Mr. Bodkin asked if the Committee would state a case upon that point.

The Chairman said they could not stay their hands on the possibility of an appeal.

Mr. Bodkin then addressed the Committee on behalf of the Perseverance, the Victoria, and the Duke of Edinburgh.

The Duke of Edinburgh.

Frederick Ralph, the landlord of the Duke of Edinburgh, said he had been the tenant at the house since March 5th, 1891. He lived there with his wife and children, and paid 16 a year for rent. The house was rated at 25. He was a bricklayer by trade. Since he had been in the house he had to work at times because he had a large family. He had worked a few months in the summer, and a few months in the winter. His trade was from three to three and a half barrels per week. He paid 34s. per barrel for beer. He was satisfied with the trade, and was willing to remain in the house. His wife had got out a petition in favour of the licence being retained, which was signed by some thirty or forty residents in Tontine Street. Fishermen and tradesmen used his house. He had never had the least complaint made against him. The next door house did no more trade than he did.

Mr. J. Jones gave evidence in support of the licence being retained. He said he would be sorry to see it taken away.

Horace Offen and William Tiddy were also called on behalf of the owners.

The Committee retired, and on their return the Chairman said he still held that the procedure of the justices below was in accordance with the law. The Committee had considered each case separately without regard to any of the other cases which had been heard, and they decided to refuse the renewal of the licences except that of the Perseverance, which they would renew.

 

Folkestone Herald 27 May 1905.

East Kent Licensing Authority.

Yesterday the Special Committee of Licensing Justices of East Kent, to whom the local authorities had referred the licences of five Folkestone houses, under the licensing Act of 1904, sat at the Canterbury Sessions Hall, and considered the reports which had been presented to them, as well as the reasons advanced in favour and against the renewal of the respective licences. Sir William Lucius Selfe was the Chairman of the Committee.

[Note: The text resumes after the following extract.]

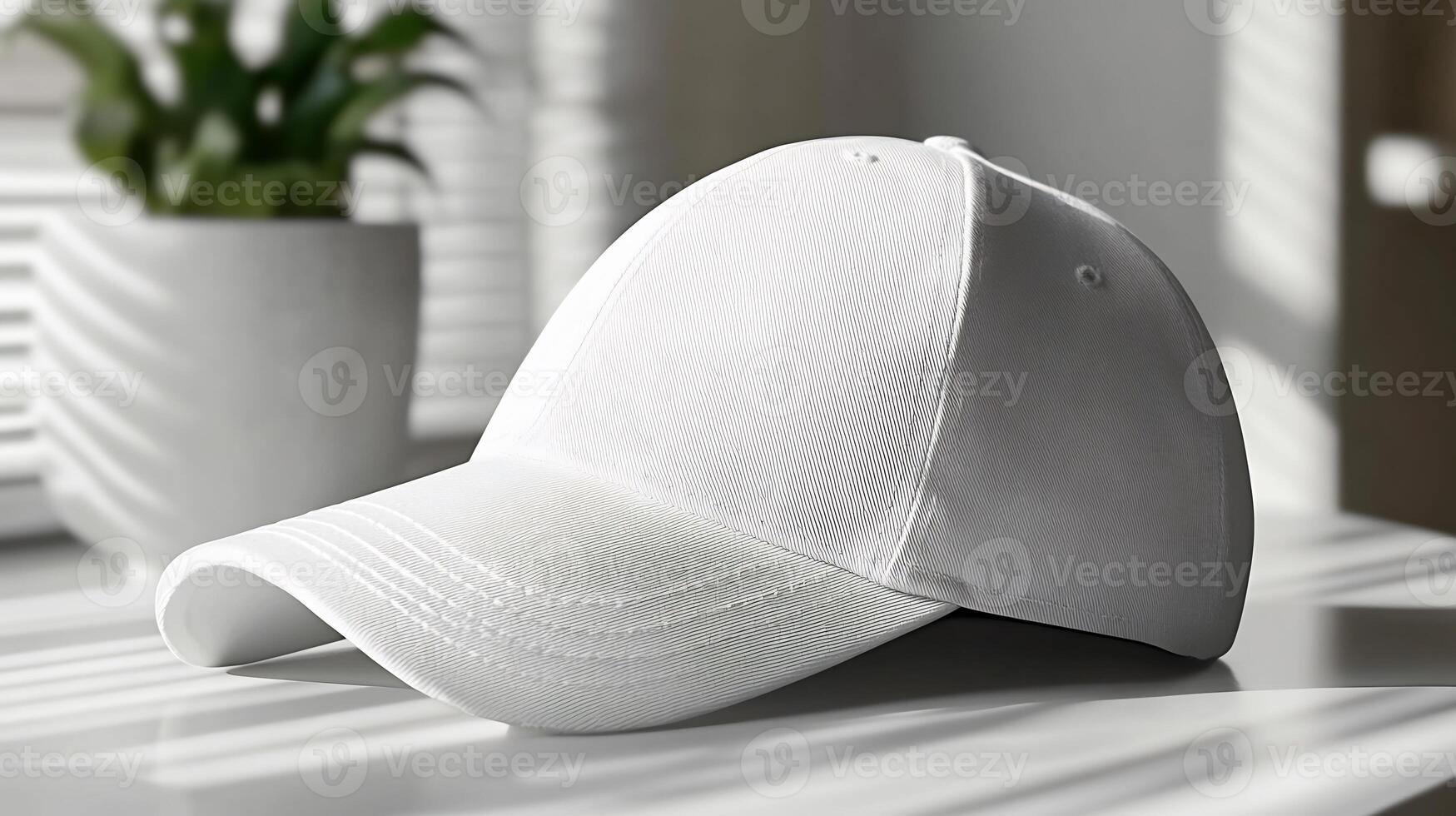 Custom Cap Mockup Pristine White Surface Highlighting Hat Design and Branding Concepts photo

The houses in question were the Victoria, South Street, the Perseverance Inn, Dover Street, the Star Inn, Radnor Street, the Duke of Edinburgh, Tontine Street, and the Cinque Port Arms, Seagate Street.

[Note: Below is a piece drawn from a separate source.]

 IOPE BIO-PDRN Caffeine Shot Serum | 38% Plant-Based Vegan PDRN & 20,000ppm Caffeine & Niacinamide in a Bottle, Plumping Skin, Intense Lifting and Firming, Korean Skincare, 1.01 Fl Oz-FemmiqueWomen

Mr. Pitkin, barrister, appeared for the Licensing Justices, Mr. H.C. Bodkin, barrister, for the owners of the Victoria, the Perseverance, and the Duke of Edinburgh (Messrs. Flint and Co.), Mr. Hohler was for the owners of the Star (Messrs. Ash and Co.), Mr. G.W. Haines represented the tenant of the Perseverance, and Mr. Rutley Mowll (Dover) appeared for the owners of the Cinque Ports Arms (Messrs. Leney and Co.).

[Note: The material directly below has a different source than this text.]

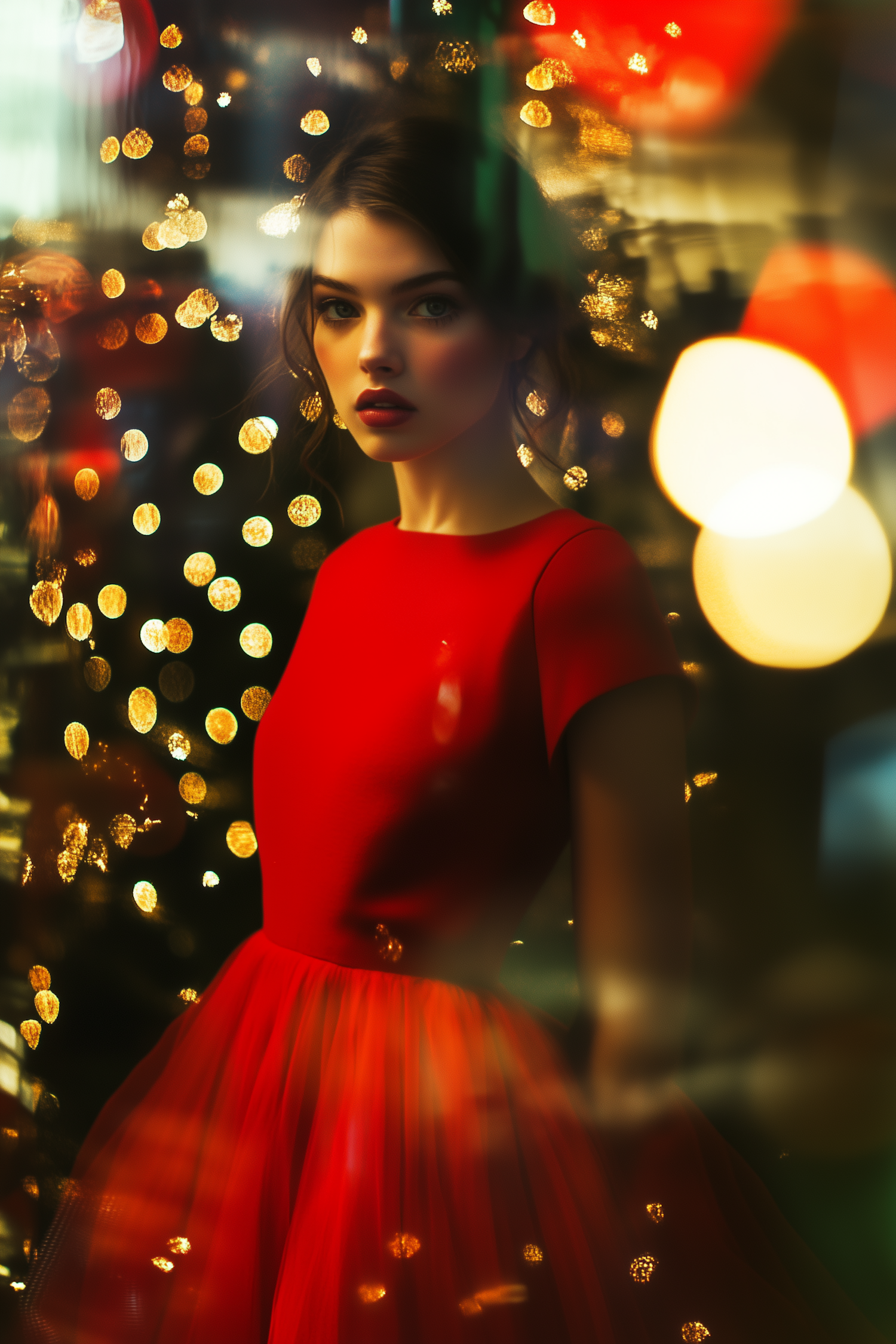 Woman in Red Dress with Festive Lights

Mr. Pitkin said that at the annual licensing meeting this year the Chief Constable gave notice that he intended to oppose the renewal of the five licences named, and one other, that of the Providence. The notices were served on the people who required notices under the Act, and at the adjourned meeting the Chief Constable and his Detective Sergeant gave evidence, while evidence was also called on behalf of the licensees of the houses. At that meeting it was proved that in the area which the Chief Constable had marked out on the map, namely, from South Street, up High Street, down Grace Hill, to the railway arches, and across to the sea, there were in all 916 houses to a population of 4,580. Of these 46 were on-licensed and 6 were off- licensed. That was one licence to rather more than every hundred of the population, and if that was so there could be no doubt that that was a case in which some reduction was necessary. The renewal authority were unanimous in referring the whole of the five licences under discussion. At the preliminary meeting it was decided that the case of the Providence should not be proceeded with. The Chief Constable would tell them that in selecting those five houses he was guided by the fact that the houses were those which were doing the least trade, and that he had selected in each case one out of a cluster of houses, and that which appeared to be the worst of each cluster.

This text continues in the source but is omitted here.